今回の中間まとめ案では、「はじめに」の項目が新たに設けられ、地方創生の現状や、障害のある学生の増加、大学における財務構造の変容についても項目を新設、地域との連携の推進に関して大幅な修正が行われている。また前回、高等教育全体の適正な「規模」の確保としていた項目の表現を、今回は高等教育全体の「規模」の適正化に改め、高等教育全体の規模の適正化に向けた支援に関しては、今回から具体的方策として、厳格な設置認可審査の実施、再編・統合の推進では、再編・統合等を通じた教育研究力の強化に向けた支援、収容定員の引き下げに対する大学等の忌避感の緩和のための仕組みの構築(一定の条件を満たす場合に一時的に減少させた定員を一部又は全部戻すことを容易にする仕組みの創設等)を、また縮小・撤退への支援に関しては学部等の開設後に定員未充足や不採算の状態が継続する場合における規模縮小や撤退に係る指導の強化の記述を加えている。
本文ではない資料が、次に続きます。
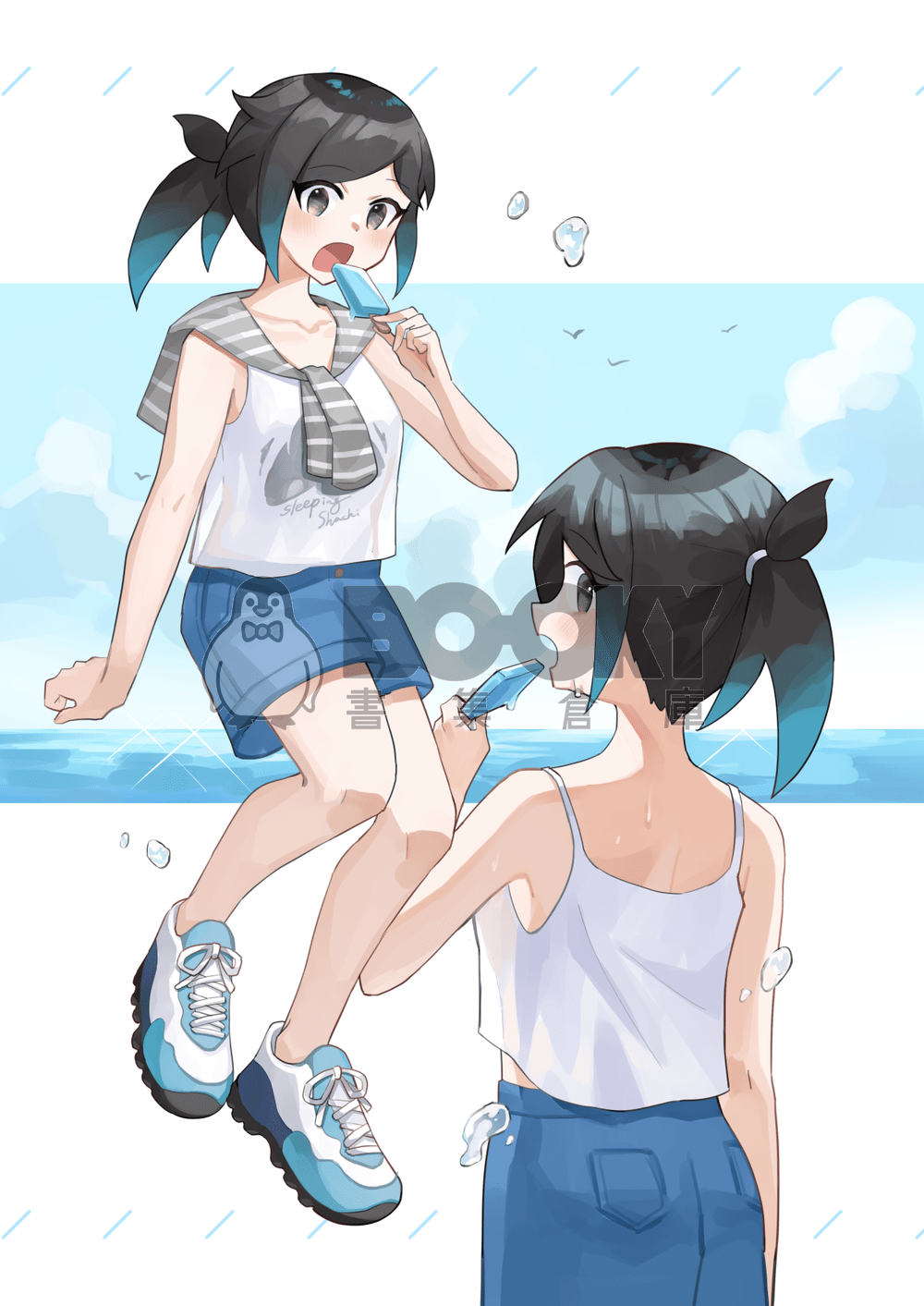 原創百合《四季紀錄》全彩插畫本 試閱圖片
さらに地理的観点からのアクセス確保に関しても、大幅に記述を増やし、具体的方策として高等教育へのアクセス確保を図るための国における司令塔機能を果たすための組織の整備、地域の産学官がリカレント教育体制整備やコンサルタント機能の強化を新たな具体的方策として加えている。

機関別・設置者別の役割分担や連携の在り方に関しては、機関別の役割、大学、専門職大学・専門職短期大学、短期大学、高等専門学校、専門学校、設置者別の役割、国立大学、公立大学、私立大学に関する記述を新設。
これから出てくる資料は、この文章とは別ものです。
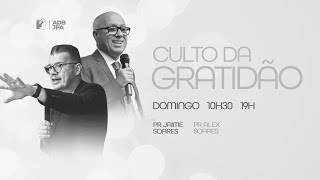 CULTO DA GRATIDÃO  Pr Jaime Soares  17122023 [upl. by Yhtomiht651]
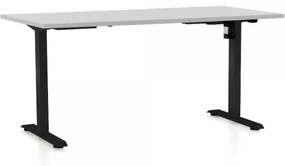Výškovo nastaviteľný stôl OfficeTech A 160 x 80 cm, čierna podnož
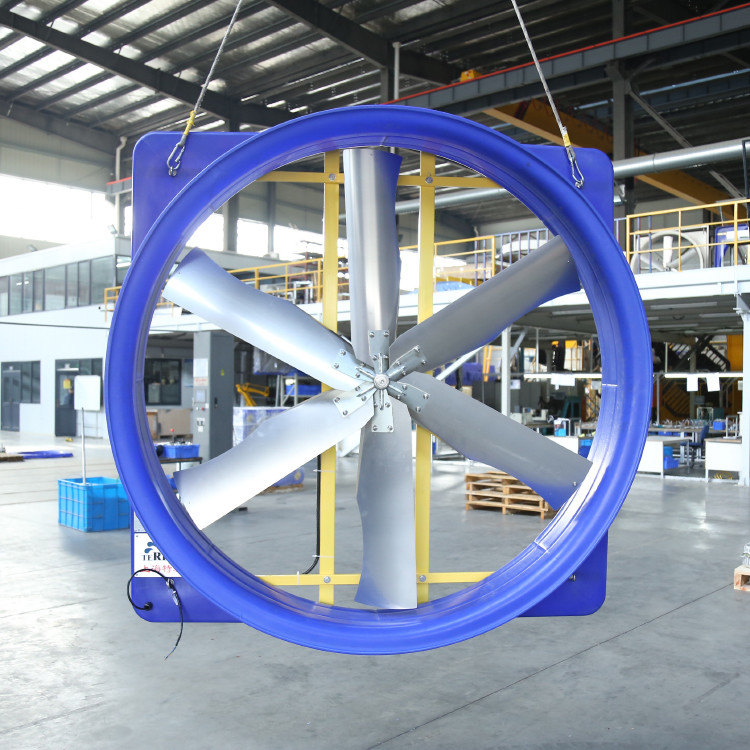 Ventilateur moderne pour le bétail 2 kW 6,2 m/s Vitesse du vent pour le refroidissement des volailles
高等教育改革を支える支援方策の在り方に関しても記述を充実し、機関補助と個人支援のそれぞれの特徴を踏まえた公財政支援の在り方や、基盤的経費と競争的資金による支援の在り方、高等教育の社会的・私的便益を踏まえた授業料等を含む個人・保護者負担の在り方、高等教育機関に係る情報の共通化等、高等教育機関の事務効率化等を図るための具体的方策(各高等教育機関が共同利用できる共通的なプラットフォーム等)についても引き続き、議論を重ねていくことが必要、などとしている。
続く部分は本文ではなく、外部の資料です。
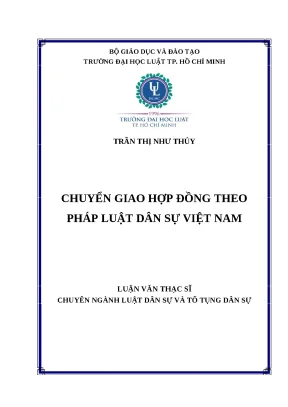 Chuyển Giao Hợp Đồng Theo Pháp Luật Dân Sự Việt Nam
またこれまでの審議の中で地域の高等教育や高等教育を核とした産業振興にとって都道府県が重要な役割を果たすことなどが指摘されていたが、そうした意見を受け、事務局が実施した都道府県・指定都市等を対象に今年4月から5月にかけて行った「地方公共団体と高等教育機関との連携の状況に関するアンケート」の結果が報告された。全国の都道府県と指定都市、高等教育機関を対象に互いにどう考えているかを調査、地方公共団体に関しては約8割、高等教育機関に関しては約4割が回答。その結果、県・指定都市の9割から「域内の高等教育機関との連携を担当する部署があるとの回答を得て、また295の地域連携プラットフォームがあることも分かった。事務局は精査中としているが、特別部会の委員からは、自治体と大学等との間には大きな認識の違いがあると指摘する意見やプラットフォ―ムの数の多さに驚く意見も聞かれた。

また中間まとめに関してはAIの項目立てを求める意見、機関別、設置者別以外に世界に伍する研究を行う大学、地域の教育を担う大学など機能別項目立ても必要かどうか議論すべきだとの意見、東京一極集中の是正を求める意見、地域の大学等のプラットフォームへの権限付与を求める意見、大都市と地方間での学生の移動、またネットワークも活用しての高等教育機関の流動性の確保や、高等教育の規模の適正化を決める際の指標(基準)をどうするのかといった意見などが聞かれた。

次回特別部会は7月19日開催の予定。